Mussorgsky: Pictures at an Exhibition

Why is it that the winners of the third prize at the Leeds International Piano Competition are often so supremely talented? That was the prize Noriko Ogawa won in 1987, and she’s a true virtuoso, prodigiously endowed with all the accoutrements such a description demands – awesome technique, a strong sense of structure, balance and atmosphere, and the ability to send an audience away inspired and fulfilled.

Our rating

5

Published: January 20, 2012 at 2:29 pm

COMPOSERS: Mussorgsky
LABELS: BIS
WORKS: Pictures at an Exhibition
PERFORMER: Noriko Ogawa (piano)
CATALOGUE NO: CD-905

Why is it that the winners of the third prize at the Leeds International Piano Competition are often so supremely talented? That was the prize Noriko Ogawa won in 1987, and she’s a true virtuoso, prodigiously endowed with all the accoutrements such a description demands – awesome technique, a strong sense of structure, balance and atmosphere, and the ability to send an audience away inspired and fulfilled.
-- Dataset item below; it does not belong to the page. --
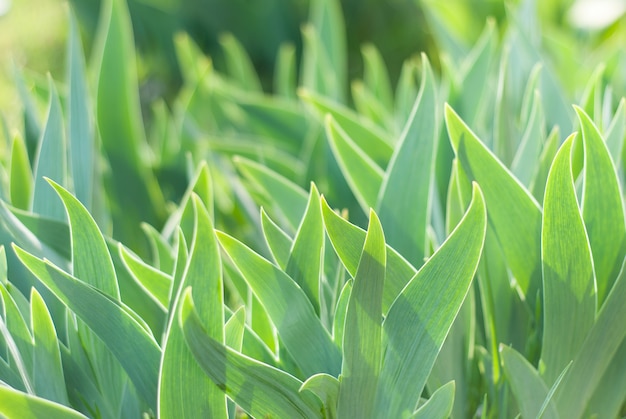 Gras verlaat planten achtergrond.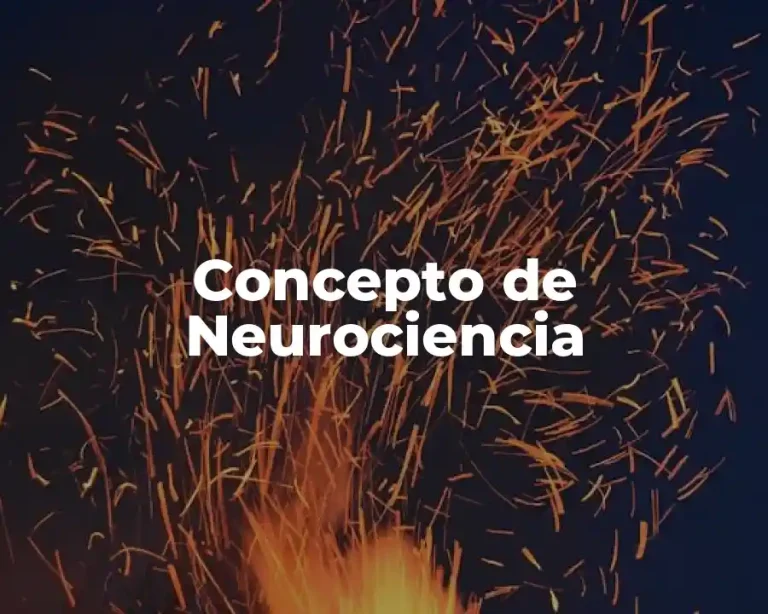 Concepto de Neurociencia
She plays the operatic excerpts on this disc from the piano scores Mussorgsky produced prior to orchestration. It takes some doing to sustain the impact of Godunov’s 8:41-minute Coronation Scene, with its varying moods and cumulative effect, on a solo piano. But Ogawa does it, naturally and brilliantly. She gives just the right degree of emphasis to the melody line in the Khovanshchina Prelude, and is variously languid and lively in the pieces from Sorochintsy Fair.

Any composer who can head a score Allegro giusto, nel modo russico; senza allegrezza, ma poco sostenuto knows exactly what he wants, and Ogawa plays the Pictures at an Exhibition from Mussorgsky’s manuscript. The differences between this and the available printed editions are minimal, the most important being that ‘Bydlo’ starts fortissimo (the usual indication, piano, was a misreading by Rimsky-Korsakov which found its way into Ravel’s orchestral version). There’s some light left-hand staccato in the ‘Ballet of the Unhatched Chicks’ and a surprise chromatic chord at 4:44 mins in ‘The Great Gate of Kiev’. Otherwise everything is much as expected. The miracle is Ogawa’s handling of this music – the hypnotic quality of ‘Il vecchio Castello’, the delicate traceries in ‘Goldenberg und Schmuyle’, the cheerful bustle of ‘Limoges’. A really impressive achievement.